Review of Musically Mad- Francesca Perrone

Once upon time, Hyson Green was musically mad….let’s go back to that Da day!

Once upon time, Hyson Green was musically mad….let’s go back to that Da day!

“Musically Mad” is the title of the film screening shown last week at New Art Exchange. What do we already know about Reggae Sound System? What can we learn from this music? Which kind of considerations come across after having seen this film?

Reggae Sound System is more than a genre of music. Reggae music means identity, roots, love. Therefore, this music teaches us about Jamaicans and their history.

We can learn about their mythical and religious community identity, which is inside of the Rastafarian movement. Therefore, we can understand their constantly searching for a place where to identify their roots and thus their identity. Paying attention to some songs, it is mentioned the place of Jamaican roots, Shashamane in Ethiopia as well as the name of their God, the emperor of Ethiopia Haile Selassie.

When Jamaicans moved to Britain between ’50s and ’80s, they tried to find a way to generate their business in the UK. Initially, they work through Sound System by selling food. Reggae Sound System was also a way to advocate and promote their identity and culture in a country where they struggled to be part of it.

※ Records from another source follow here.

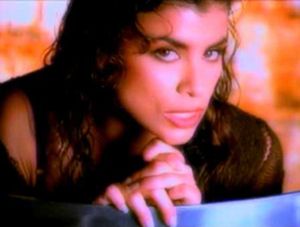 Paula Abdul: It's Just, the Way That You Love Me (Version 2)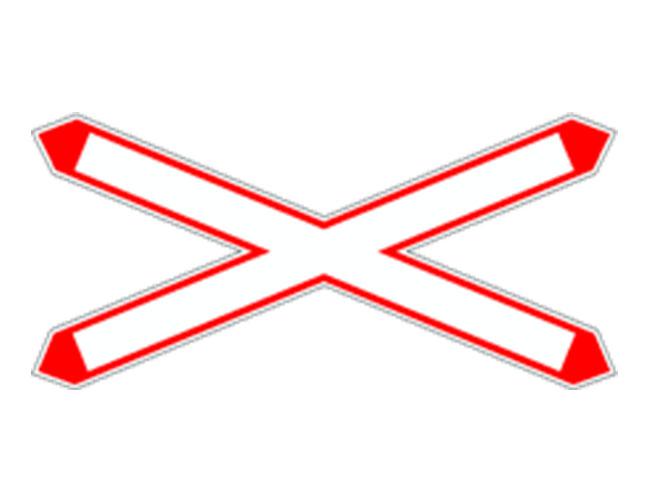 Segnali di pericolo 10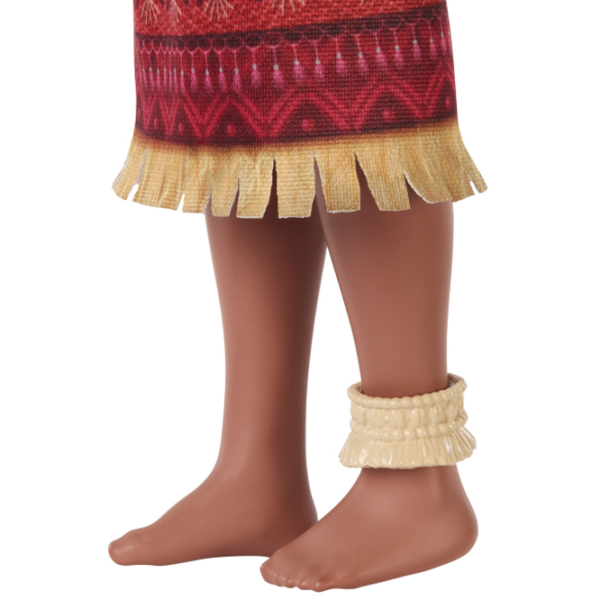 Кукла Disney Moana Персонаж из мультфильма JBT33 3+ photo 5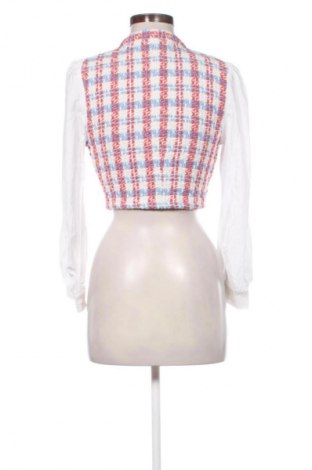 Női blúz Zara, Méret S, Szín Sokszínű, Ár 5 785 Ft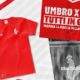 Umbro per Bari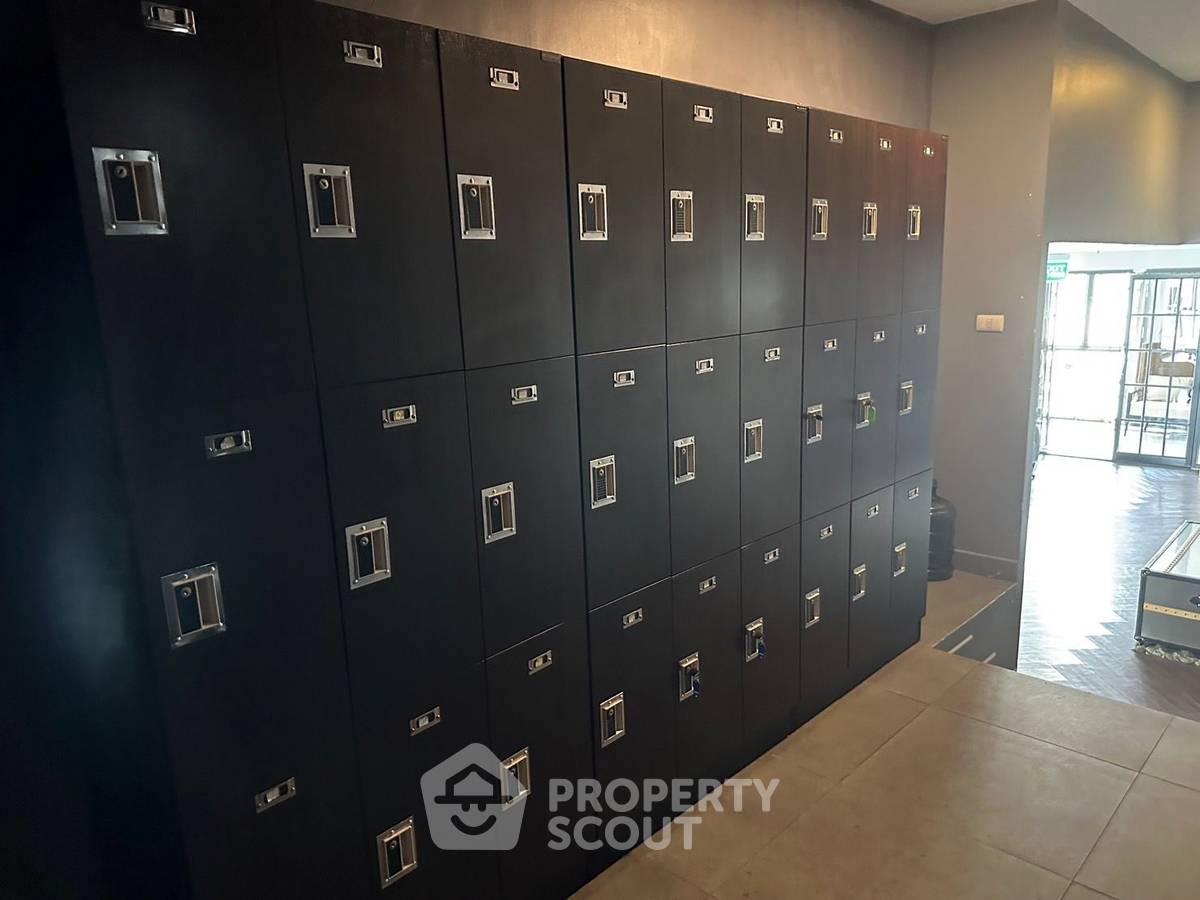 รูป คอนโด 1-ห้องนอน ที่ ชาโตว์ อินทาวน์ พระราม 8 ใกล้ MRT บางยี่ขัน (ID 1241468) - รูปที่ 19/29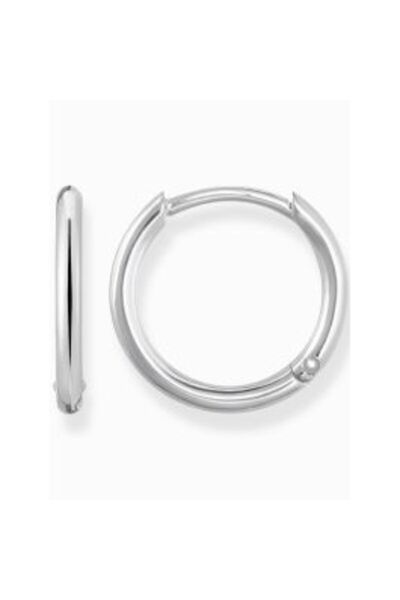 Thomas Sabo CR 608-001-12 Hoop Earrings small Ladies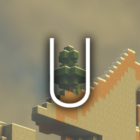 UShader Icon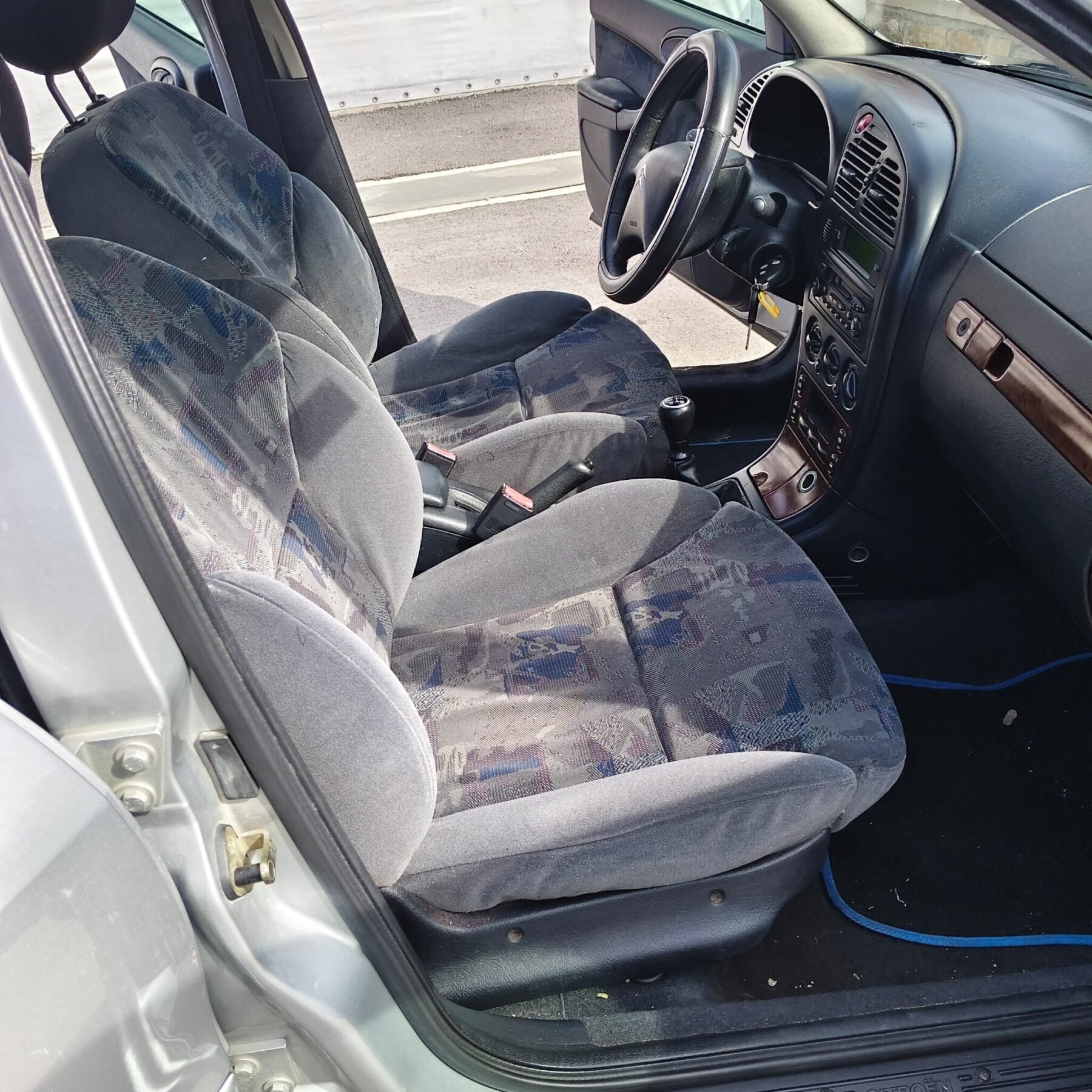 CITROEN XSARA 2.0 HDI SX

Therefore, Jamaicans decided to build Sound System. It became an entertainment for the black community as well as a source of knowledge about what was going on in Jamaica.

In Nottingham, Hyson Green was musically mad. Full of blues parties in private houses, where Jamaicans used to go and forget any problem dancing all night long until the next day. They used to go straight away to work after having spent an entire night on the dance floor. Reggae Sound System was revolutionary, at that stage, because makes a real difference in people’s life. Then people used to go to clubs to have a drink, relax, listen sound system and leave at home any worries or problems. However, this scenario changed when it became a problem for clubs allow people to smoke ganja. Originally ganja was the essence and vibe of this music, so its removal from Sound Systems means to change its content.

Reggae Sound System is hugely changed today. There is not anymore that deep and spiritual connection with the Rastafarian movement. Even though, in the UK there are a lot of Rastafarians, Sound System is massively computerized today. One of the reasons why there is no longer the habit to go to the record shop to catch the new copy among the few provided.

Even though Reggae Sound System is different in its aim and content, it has got still a strong vibe and passion today. Thus, let’s keep dancing in Hyson Green, Nottingham, Jamaica and across the world to this incredible sound!!!!